Mitchell has long made the argument, along with other reputable historians, that the ‘Black Diaries’ are forgeries.
On Thursday 7th April 2016 in Galway City Library The Liam and Tom O’Flaherty Society hosted a lecture on ‘Roger Casement and Galway in 1916’ presented by Angus Mitchell, the foremost authority on Casement. Angus Mitchell, who was born in Africa and educated in England, has lived for over two decades in Ireland, where he has studied the life and legacy of Roger Casement and a group of associated radicals, pacifists, feminists, cosmopolitan nationalists, internationalists and other critics of empire. To date, his published research has focused largely on Roger Casement’s work in Africa and South America.

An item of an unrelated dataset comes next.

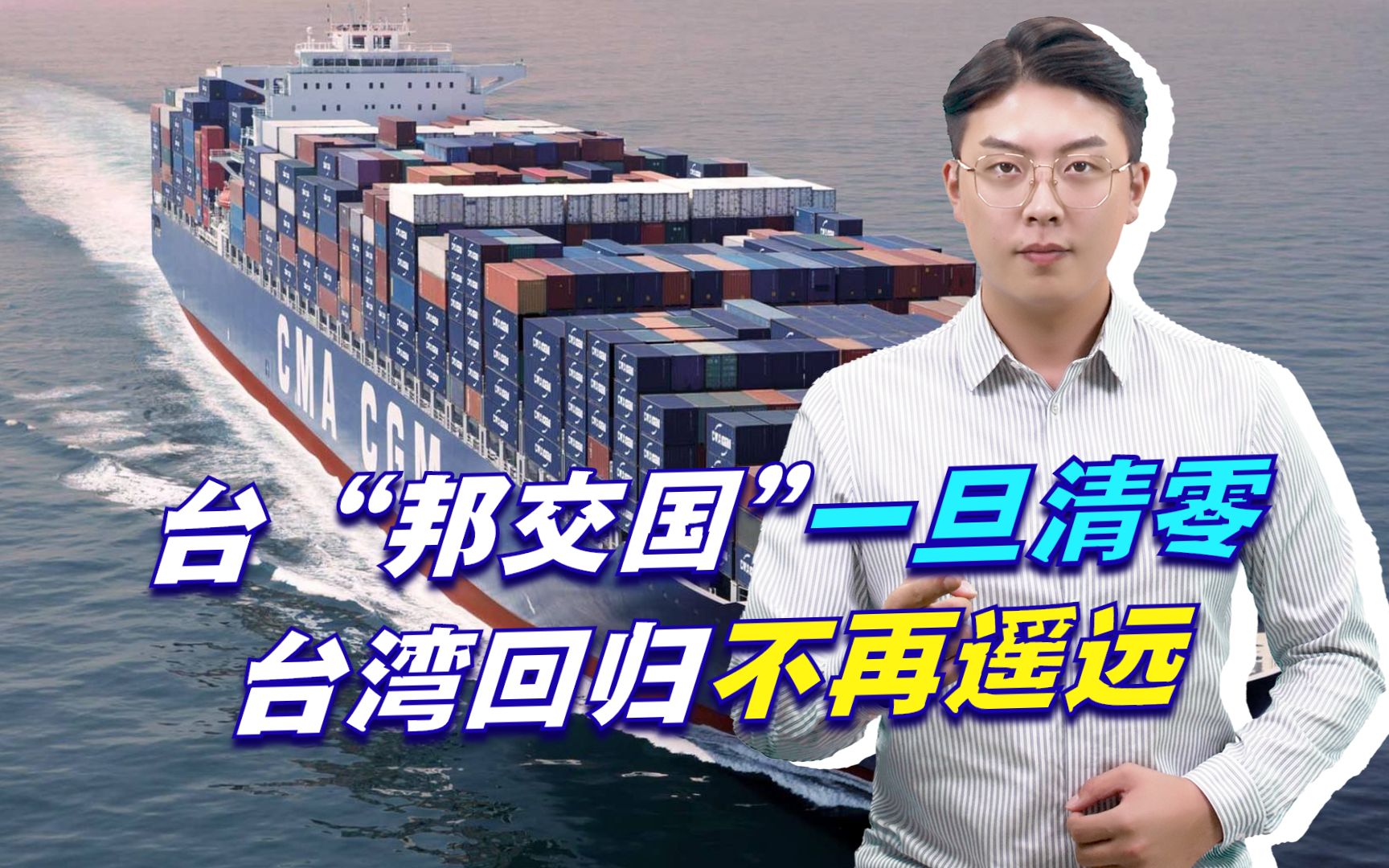 比终止对台让利更可怕台邦交国一旦清零台湾回归不再遥远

Mitchell’s extensive writings on Roger Casement have helped to retrieve the former diplomat into the history of human rights and placed him firmly within the progressive anti-colonial forces of pre-First World War Britain. Mitchell’s work has also reinvigorated academic interest in Casement and the controversies associated with his life.
Much of the early research for his body of work was undertaken while Mitchell was resident in South America, where he travelled widely on the Amazon and revisited the principal locations where Casement stayed when consul general in Brazil.
His work has cast vital new light on Casement’s entanglement with British intelligence and the enduring puzzle over the authenticity of the nefarious Black Diaries, the documents that have largely defined Casement’s myth in the public imagination. Mitchell has long made the argument, along with other reputable historians, that these documents are forgeries.